Variety is the spice of life for higher education lawyers

August 5, 2008

Variety
By Olivia Clarke

After Priya Harjani graduated from law school she worked for a few years as a litigation associate at a mid-size firm.

During that time she represented Northwestern University, which was suing the city of Evanston over the constitutionality of a historic district. She worked the case up for four years, and on the verge of trial, it settled.

Northwestern liked working with Harjani, so when a position in its legal office opened up they asked her to apply. She became an assistant general counsel to the university in 2004, and then became an associate general counsel in 2007.

”One of the things I like about being in-house is, you get to know and understand your clients and the business,” Harjani said. ”As a general litigator in a law firm you get to know each client as you need to know the case, and then you move on to another case.

”What I love here is I know the people, I know the issues, I know these issues as they evolve, and I think I provide better advice and counseling by having that background.”

Harjani is one of many in-house lawyers throughout the country who represent universities and colleges. About 3,600 attorneys from about 1,400 campuses, or about 700 colleges and universities, comprise the membership of the National Association of College and University Attorneys.

Colleges and universities are often compared to small cities because of the variety of legal issues they face. Being an in-house higher education lawyer means handling a plethora of legal matters involving everything from employment to research to real estate.

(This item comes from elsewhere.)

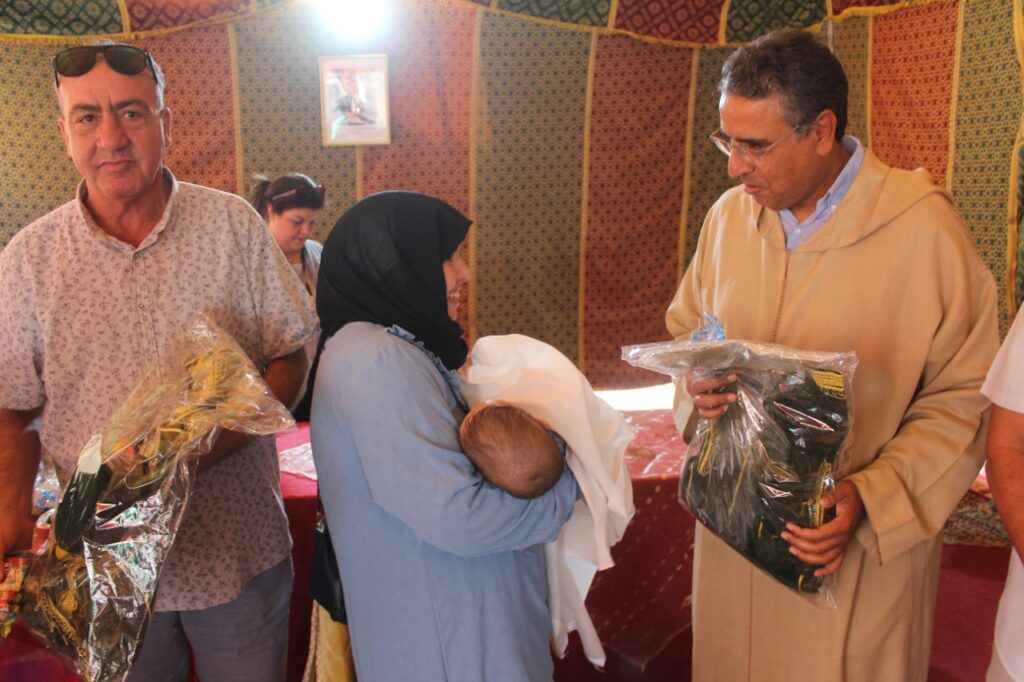 ختان 150 طفل بضريح مول القصور بمناسبة ذكرى المولد النبوي الشريف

During a time when most lawyers are encouraged to become more specialized, these in-house lawyers must be generalists who feel comfortable handling a variety of issues every single day.

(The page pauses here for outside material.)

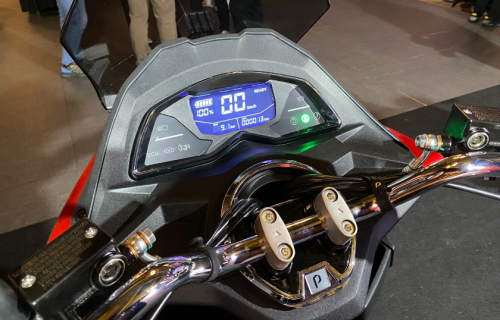 Saat Baterai Penuh, Polytron FOX 350 Bisa Tempuh Jakarta - Sukabumi, Ini Spek Lengkapnya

”In a for-profit corporation, from my perspective, it comes down to the bottom line, so everything comes down to that,” Harjani said. ”In a university, we are not-for-profit. Our mission is to educate the students. As a result, the decisions the business people make are not always focused on the bottom line or the dollar figure, which is good, but it complicates things.

”While [the business people] need to be financially sound, absolutely, there are a lot of different drivers as to why we should do certain things or how we should do certain things.”

Daily life

While Harjani’s hours may be shorter than those she kept at a law firm, the days are often more draining because she handles more legal issues in one day, and those issues can often be more pressing.

It is not unusual for her to handle 15 different matters on a given day. Certain legal issues often require her immediate attention, so she regularly re-works her day.

When Harjani went in-house she took a pay cut, and she sometimes misses not spending as much time in a courtroom. But she likes the variety of her job, and likes no longer needing to complete timesheets and account for every minute of her day.

To make the transition from her law firm job to her in-house position easier, she took advantage of NACUA, an organization that serves attorneys who practice higher education law.

She attends regular workshops through NACUA, and a group of local members meet quarterly for lunch to socialize and discuss any common legal issues they face.

People often assume that higher education lawyers only handle cases involving students, but that doesn’t even touch on the legal issues they face, she said.

Each of the seven lawyers in Northwestern’s legal department handle a specific group of legal issues, but they also deal with other areas too.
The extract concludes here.